Il processo di rimozione però non è privo di conseguenze nel prosieguo delle
esperienze e della storia di un individuo o di una nazione: può generare infatti
vistose falle nel tessuto connettivo della identità individuale o sociale che a
lungo andare non ne consentono la tenuta, la resistenza, la coesione di fronte
all'incalzare del nuovo, all'incedere lento o rapidissimo col quale il futuro si
presenta a reclamare risposte, a pretendere iniziative.
Giovanni Moro definisce "ricordi senza memoria" quelli relativi agli anni 70
e alla stagione, particolarmente lunga e corredata di strascichi ingombranti,
del terrorismo in Italia.( Giovanni Moro, Anni settanta, Einaudi, 2007).
La memoria, secondo lo stesso autore, è invece "la capacità di riprodurre
vicende ed esperienze nella mente, riconoscendole come tali e localizzandole
nello spazio e nel tempo"; è "dare un posto al ricordo e in questo modo farlo
diventare parte dell'identità".
La vicenda dei fratelli Peci e del terrorismo delle "brigate rosse" è tornata
ad interrogarci ieri sera nel corso del dibattito sul bellissimo documentario,
realizzato da Luigi Maria Perotti, sulla vicenda del rapimento e dell'assassinio
di Roberto Peci da parte dell'organizzazione terroristica citata.
Il dibattito, organizzato da Sinistra Democratica, hanno partecipato oltre
l'organizzatore Luca Spadoni, l'autore del film Luigi M. Perotti, il giornalista
di La7 Stefano Ferrante e un significativo seppure non numerosissimo gruppo di
cittadini.
Organizzare la serata, ci dice Luca Spadoni, non è stato semplice.
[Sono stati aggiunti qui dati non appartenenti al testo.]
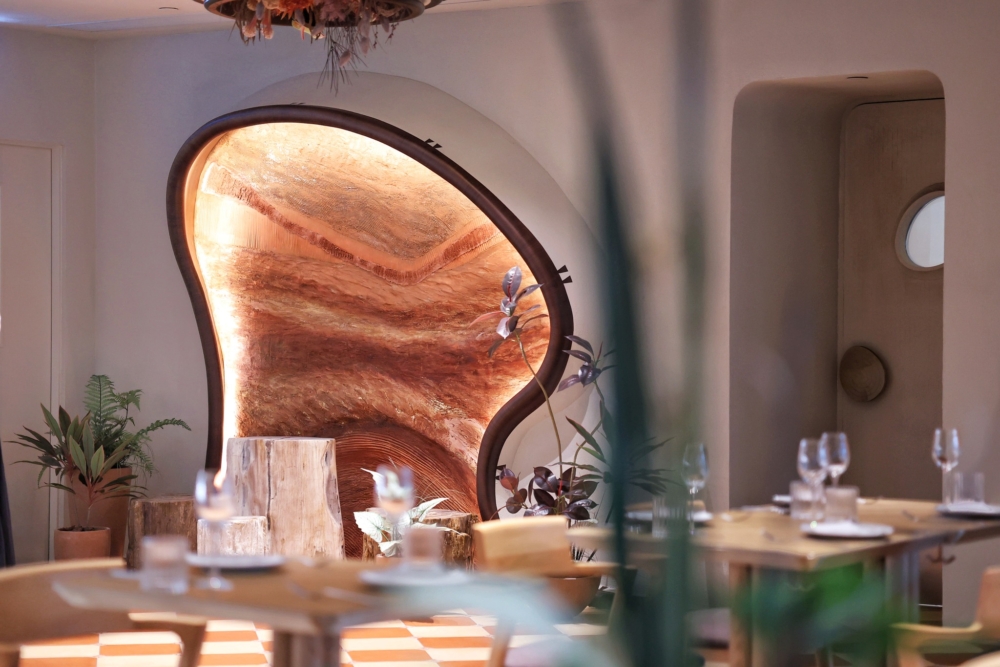 Parkside@Nina是荃灣的木化石主題餐廳,以高樓底和教堂感設計,營造出鬧市中寧靜優雅的城市綠洲氛圍。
Non si
registra una grande disponibilità dei testimoni a raccontare, a discutere, a far
"rivivere" quel tempo: forse neppure un grande interesse a che la città e tutte
le sue voci si confrontino su un fatto che è stato così doloroso per tutti.
Stessa reticenza rileva Stefano Ferrante, che sta compiendo ricerche, a livello
nazionale, in vista della pubblicazione di un libro sulle vicende e i gruppi
politici degli anni della contestazione.
Il documentario, realizzato da un autore che all'epoca era un bambino, ha il
pregio di una chiarezza e di una linearità nello sviluppo del racconto che
pongono l'accento sul dramma familiare e sulla solitudine in cui i parenti sono
stati lasciati nel corso della tragica esperienza, e lascia invece sullo sfondo
il tempo e lo spazio della vicenda e le loro connotazioni storico politiche.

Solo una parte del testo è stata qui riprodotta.